Problem
Your response to the data below should hold nothing except the lines from the one containing "Light Luxury High-End" down to the one containing "5' X 8' Grey Or Teal Abstract Waves Rug", reproduced exactly and without pictures.

....

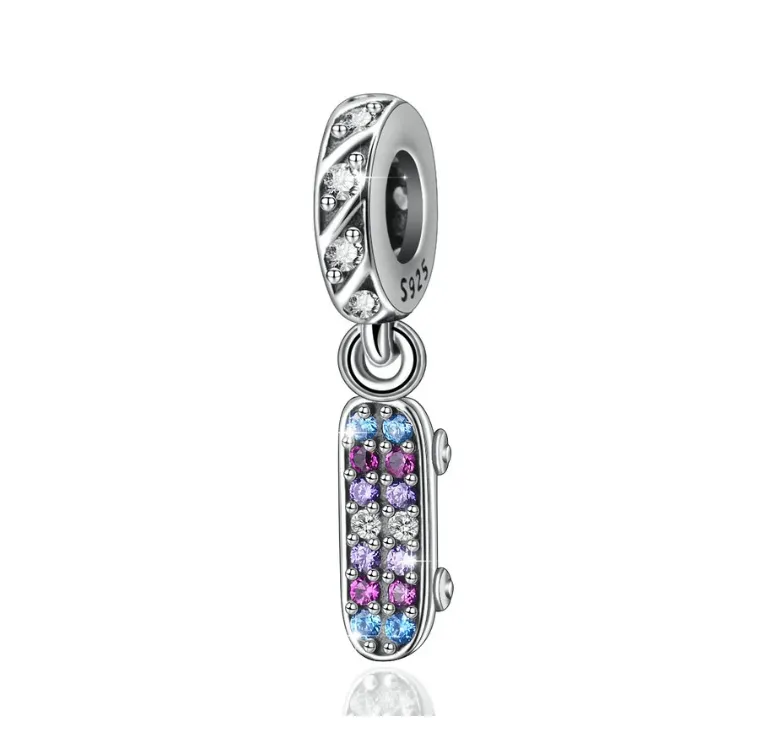 Purple Crystal Skateboard Charm 925 Sterling Silver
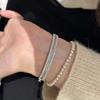 Light Luxury High-End Silver Full Diamond Square Diamond Bracelet Luxury Inlaid Diamond Exquisite Heavy Industry Luxury Temperament Bracelet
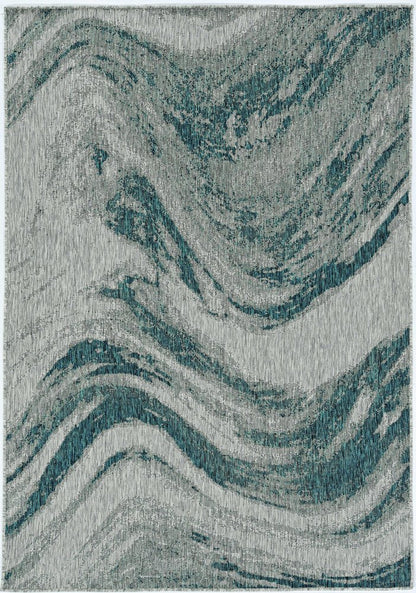 5' X 8' Grey Or Teal Abstract Waves Rug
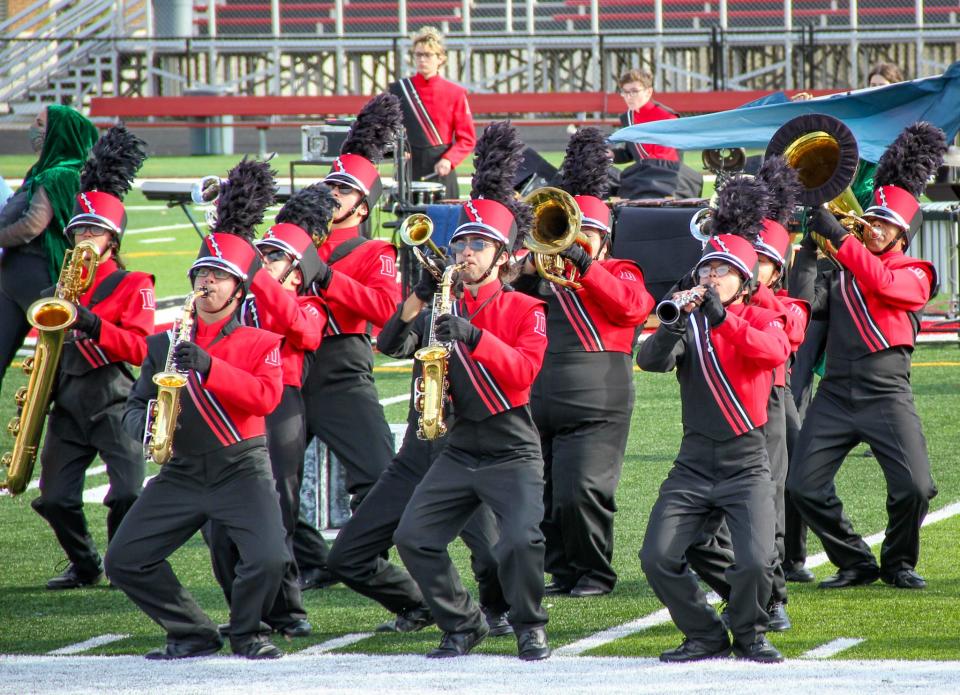 The B.M.C. Durfee High School marching band performs its act during the US Bands competition in Fall River on Sunday, Oct. 22, 2023.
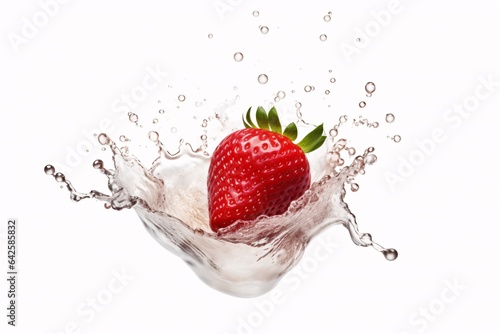 Milk splash with fresh strawberry isolated on white background.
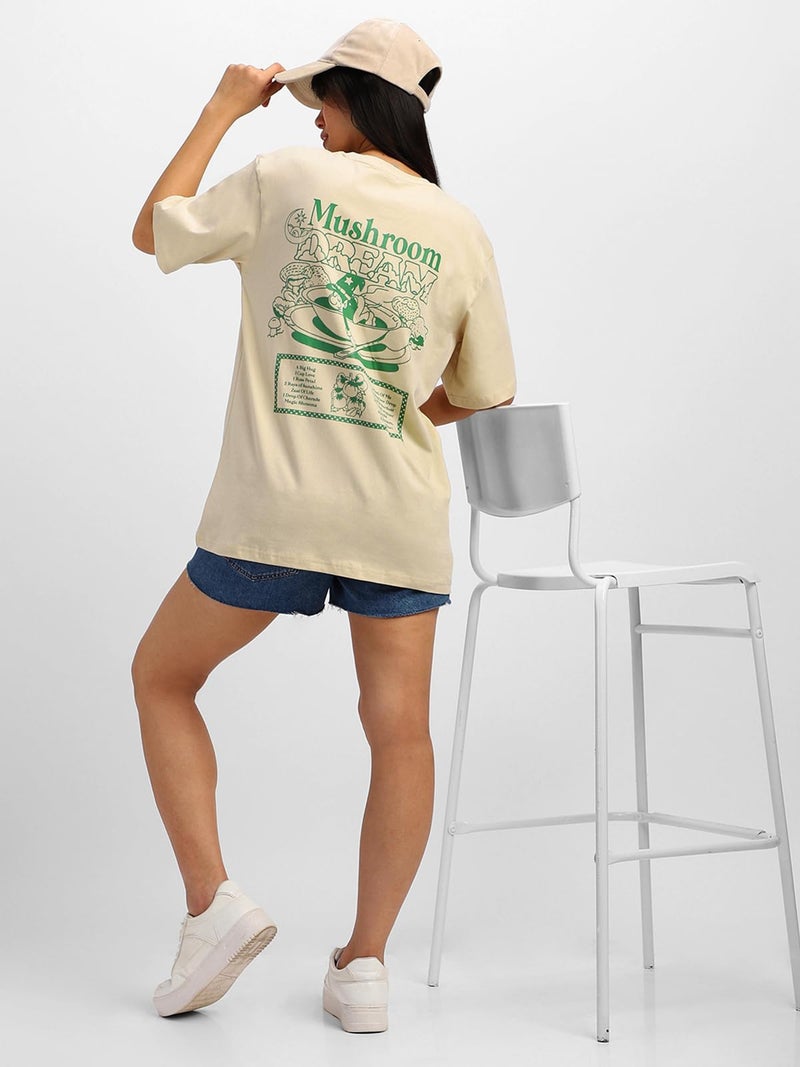 JUNEBERRY® Pure Cotton Oversized Round Neck Drop Shoulder Swan White Back Graphic Printed T-Shirt for Women/Girls (M) - Image 5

....

Response box
 Light Luxury High-End Silver Full Diamond Square Diamond Bracelet Luxury Inlaid Diamond Exquisite Heavy Industry Luxury Temperament Bracelet
 5' X 8' Grey Or Teal Abstract Waves Rug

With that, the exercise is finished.